▶ [PROBLEM DETAILS] Beginning with the line that contains "4 Quincy Crescent — photo 7 of 40", transcribe the rest of the listing below exactly, including its last line, and exclude any pictures.

▶ [DATASET CONTENT]
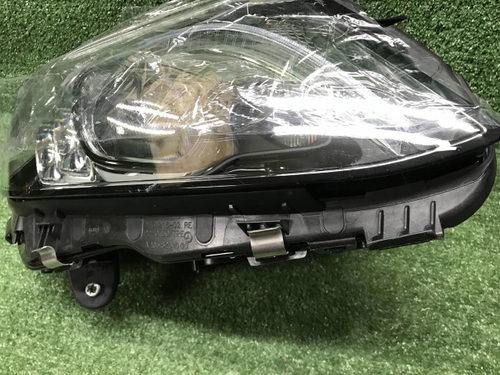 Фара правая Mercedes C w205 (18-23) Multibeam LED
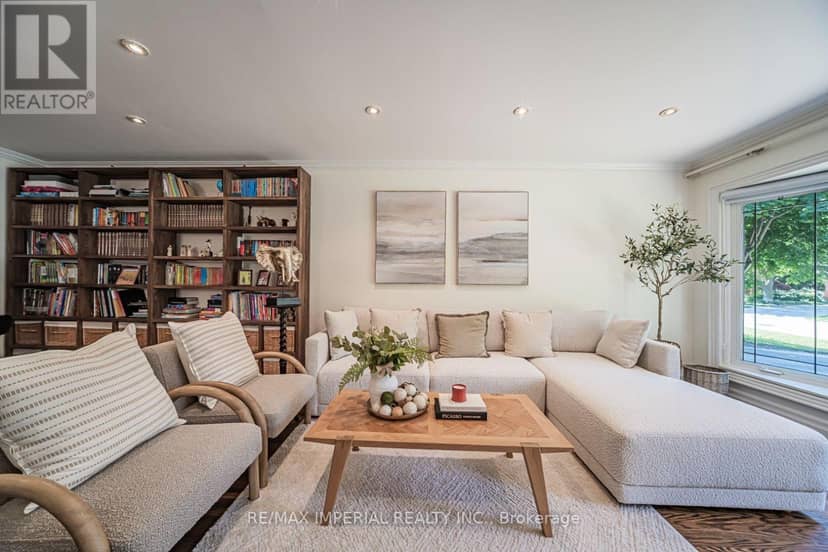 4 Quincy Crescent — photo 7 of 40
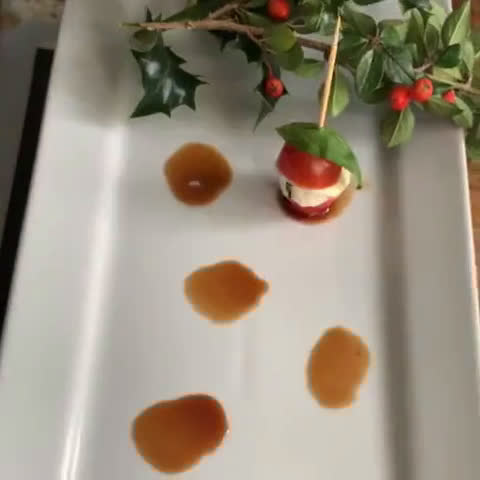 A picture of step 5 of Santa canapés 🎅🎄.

▶ [EXERCISE RESULT]
 4 Quincy Crescent — photo 7 of 40
 A picture of step 5 of Santa canapés 🎅🎄.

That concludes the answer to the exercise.